The W3C also gave the same seal of approval to the Speech Recognition Grammar Specification (SRGS).
Both of these specifications become the only formal speech standards recognized by an independent standards body.
But the real significance of VXML 2.0, according to Brad Porter, co-editor of the standard and director of engineering at TellMe Networks Inc., is that it allows enterprise-level companies to build on top of their Web architecture.
"It is allowing large enterprises who have a huge investment in IT infrastructure using XML to the back end to use that same investment for adding voice recognition," Porter said.
Instead of doing proprietary integration with middleware, the enterprise can now use XML as a gateway to voice systems, Porter added.
The first version of VXML, 1.0, never went beyond a draft standard, said Bill Meisel, principal at TMA Associates, a speech technology research firm.
"SALT (Speech Application Language Tags) is a direct competitor but has not reached the level of maturity of VoiceXML in the standards process," Meisel added.
Nevertheless, SALT will be formally announced as a released product later this month.

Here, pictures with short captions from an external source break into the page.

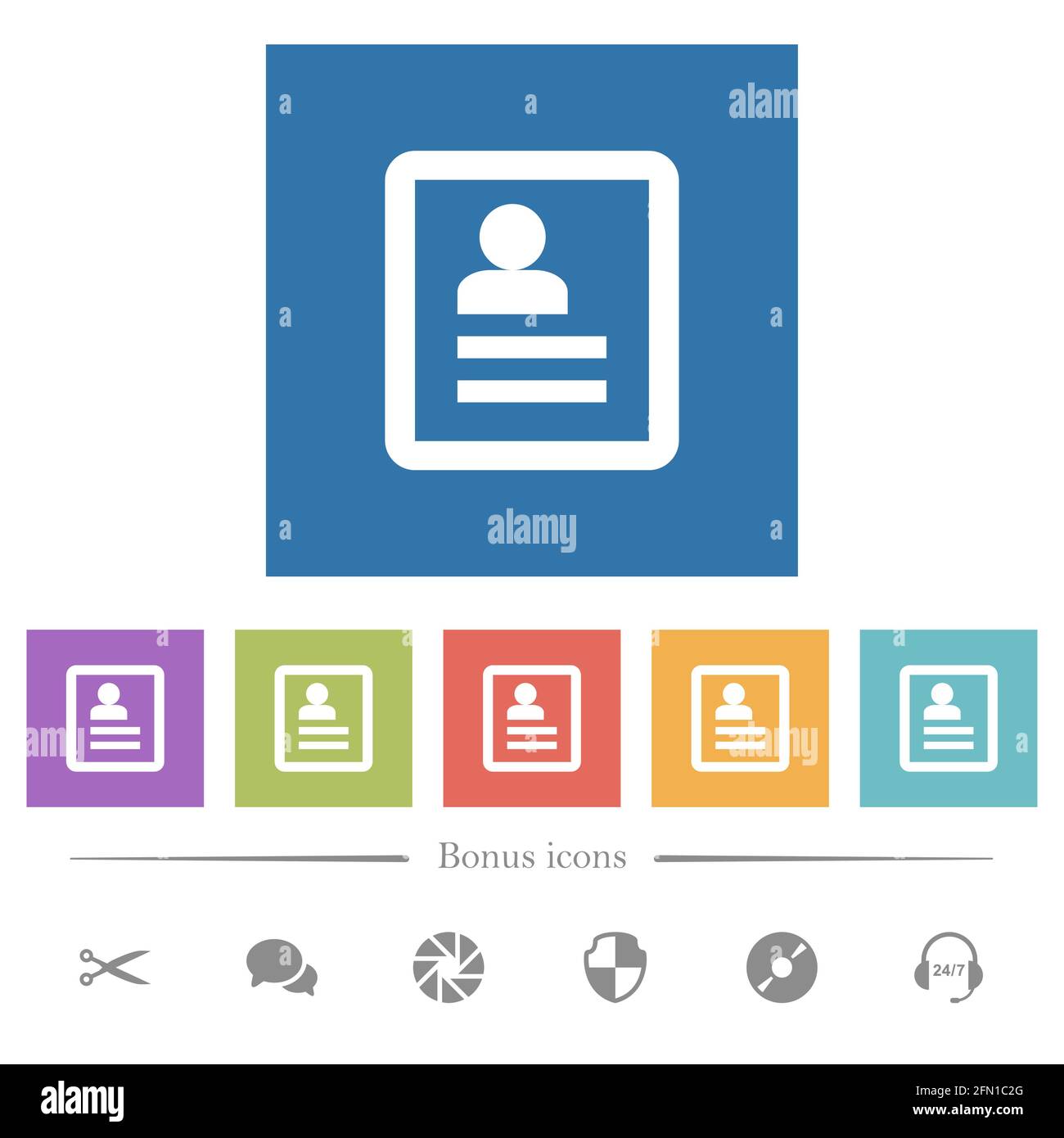Contacts flat white icons in square backgrounds. 6 bonus icons included ...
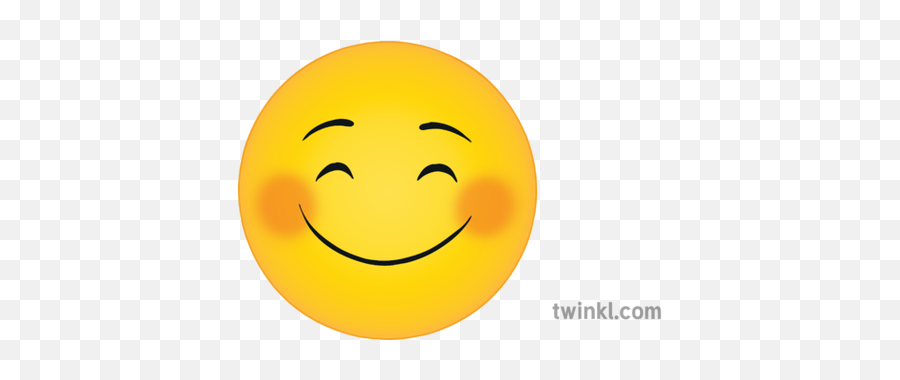 Blush Happy Smile Emoji Emoticon Ks3 Ks4 Illustration - Twinkl Smiley Png,Smile Emoji Transparent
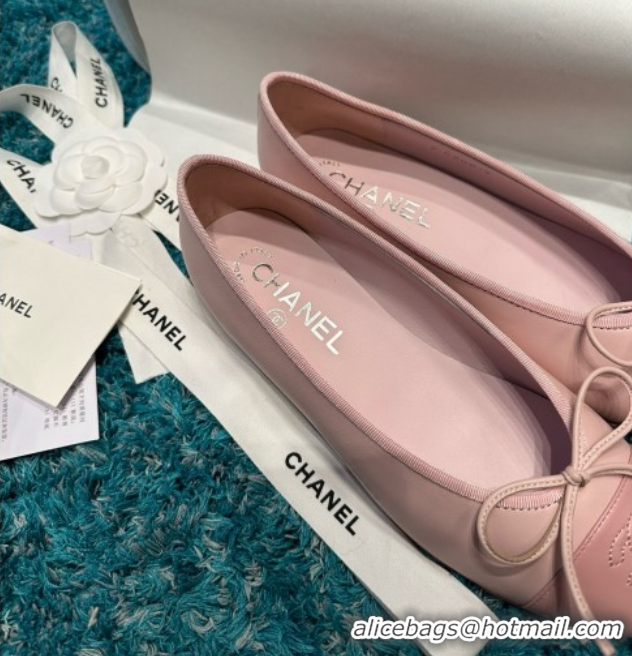 Top Grade Chanel Lambskin Ballet Flats CHB070730 Pink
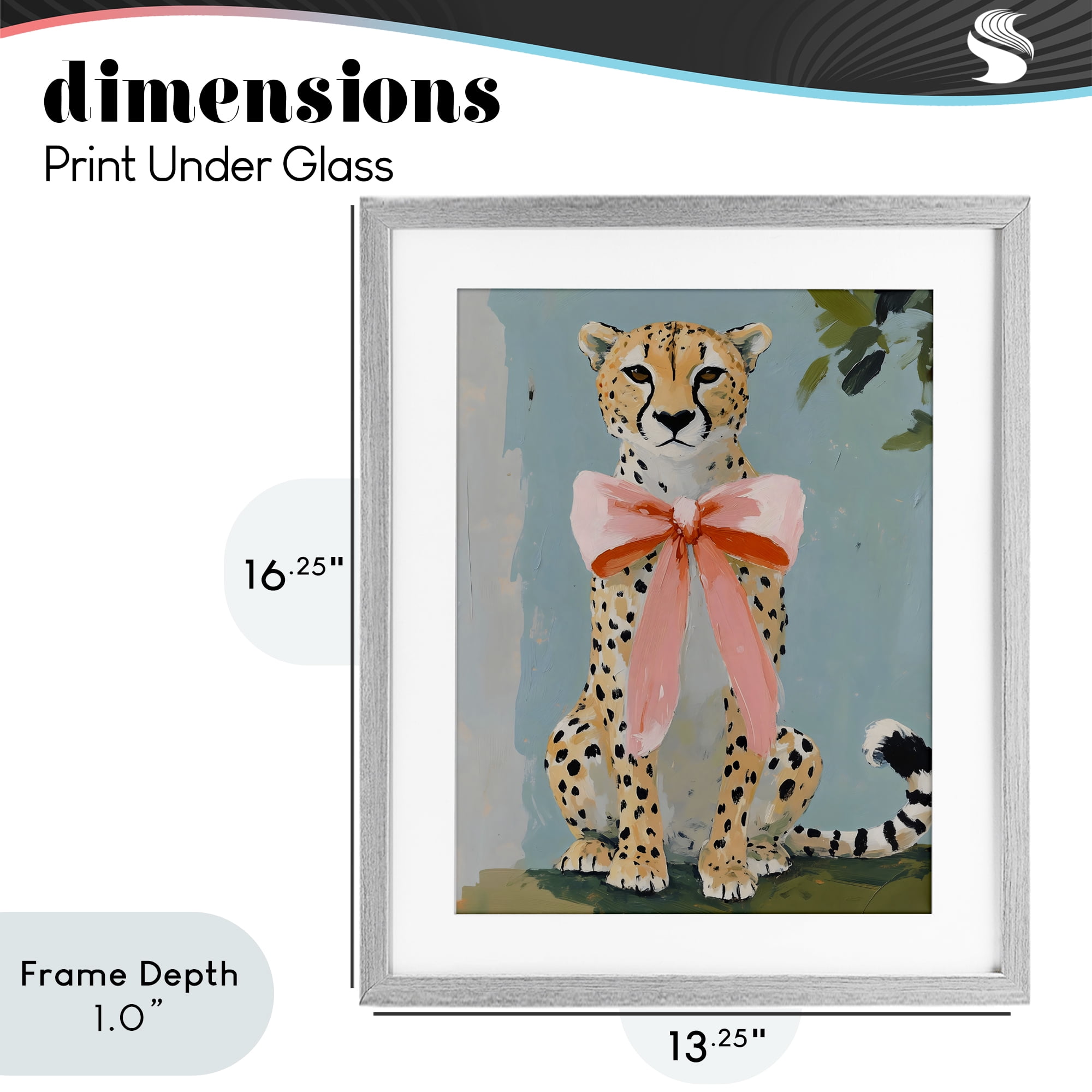 Stupell Industries Cheetah with Big Pink Bow Gray Framed Print Under Glass, design by The Prints Vibe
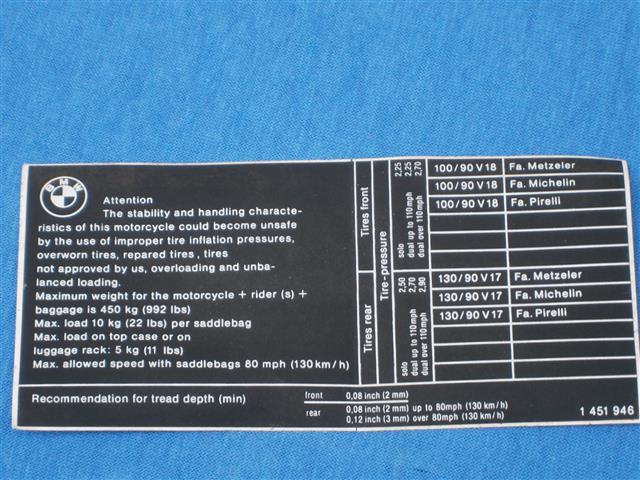 Hinweisschild Reifendruck Englisch K.-Modelle Restposten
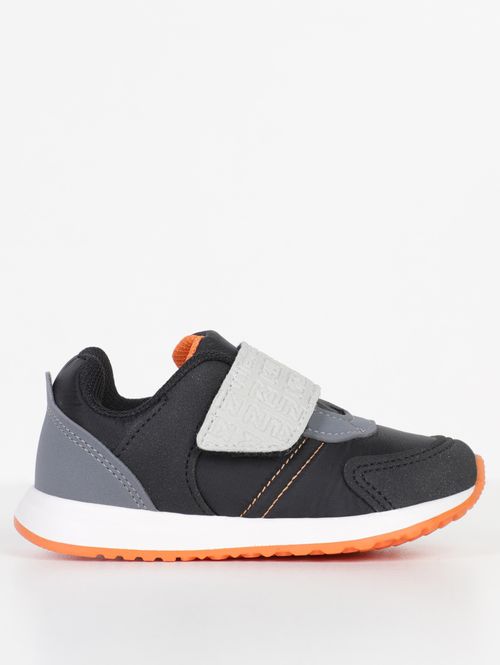 Tênis Walk Velcro Klin Infantil Para Bebê Menino - PRETO/GRAFITE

The development environment will support telephone applications but not what is called multimodal applications.
Multimodal applications are those that combine both voice recognition with other types of interfaces such as touchscreen or dropdown menus and is focused on the handheld and smart phone market.
"Microsoft is supporting SALT and there are deployments of SALT. It will be formally announced as a release product this month focusing on telephone applications," Meisel said.

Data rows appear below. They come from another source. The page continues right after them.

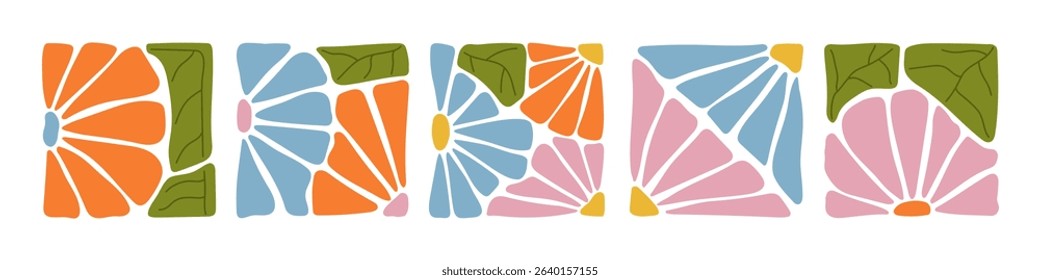 A collection of colorful abstract floral patterns in square frames. Hand-drawn botanical elements in modern boho style. Perfect for textile design, paper crafts, digital projects, and decoration.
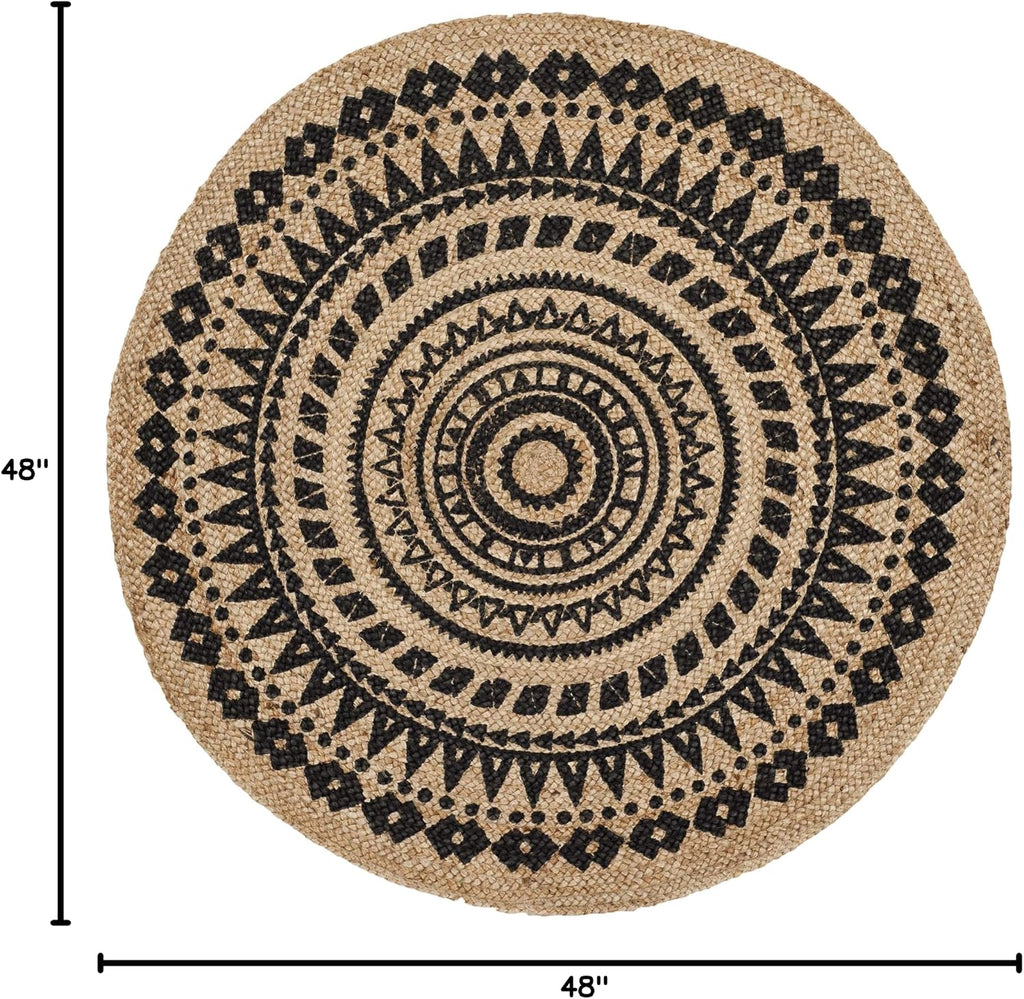 Handmade Braided Boho Jute Round High Traffic Area Rug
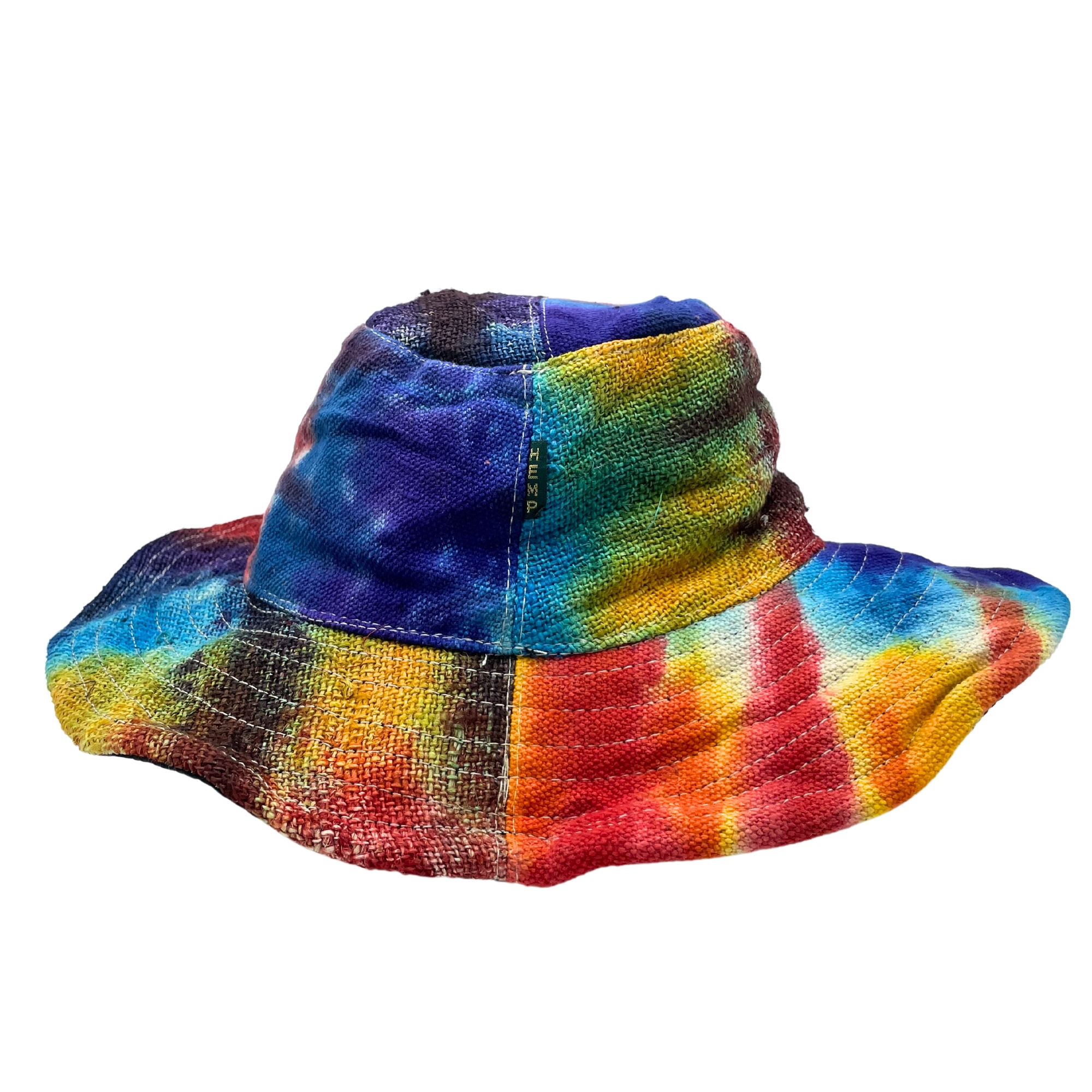 Patched and Wired Hemp & Cotton Boho Festival Hat – Tie dye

Although VXML Version 2 was being used by numerous vendors even before it received official recognition, the standard will also serve to let developers know that telephone applications are now supported by a Web standard and that the technology is mature, said Meisel.
Meisel expects to see "a lot more developers" become interested in voice applications using both VoiceXML and SALT.
Both Version 2.0 and SRGS are the first components of the W3C's Speech Interface Framework targeted at the two billion fixed line and mobile devices.
The aim of the Framework is to give consumers and business users access to Web-based services over a telephone, according to W3C officials.
"No longer will we have to press 'one' or 'two' to access services," said Dave Raggett, voice browser activity lead at the W3C.